START THE DATA
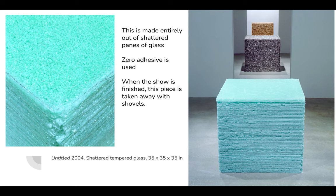This is one of my favorite pieces. It's made entirely out of shattered panes of glass. She basically builds a wooden frame, stacks up these pieces of glass, and then shatters them one by one, starting with the bottom piece and working her way up the stack. When they're all shattered, she takes off the wooden frame and they're good to go.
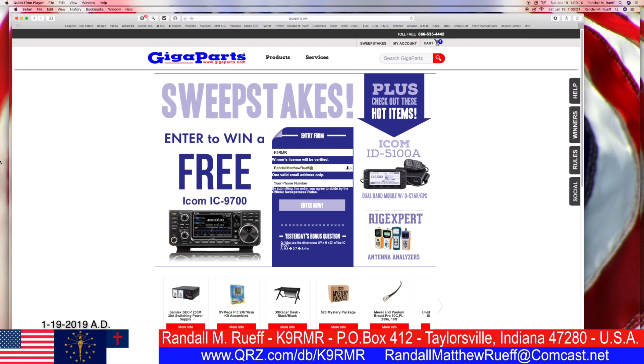MathewRoof at Comcast.net. Vote number — don't call me because I won't call you.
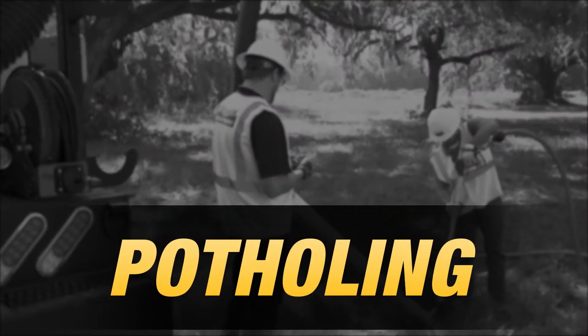Prior to drilling, it's recommended that potholing with a vacuum excavator be performed to expose underground utilities.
END THE DATA
ACTION ITEM:
Any picture in the data is to be skipped, while each line is returned exactly as written.

ANSWER TO THIS TASK:
This is one of my favorite pieces. It's made entirely out of shattered panes of glass. She basically builds a wooden frame, stacks up these pieces of glass, and then shatters them one by one, starting with the bottom piece and working her way up the stack. When they're all shattered, she takes off the wooden frame and they're good to go.
MathewRoof at Comcast.net. Vote number — don't call me because I won't call you.
Prior to drilling, it's recommended that potholing with a vacuum excavator be performed to expose underground utilities.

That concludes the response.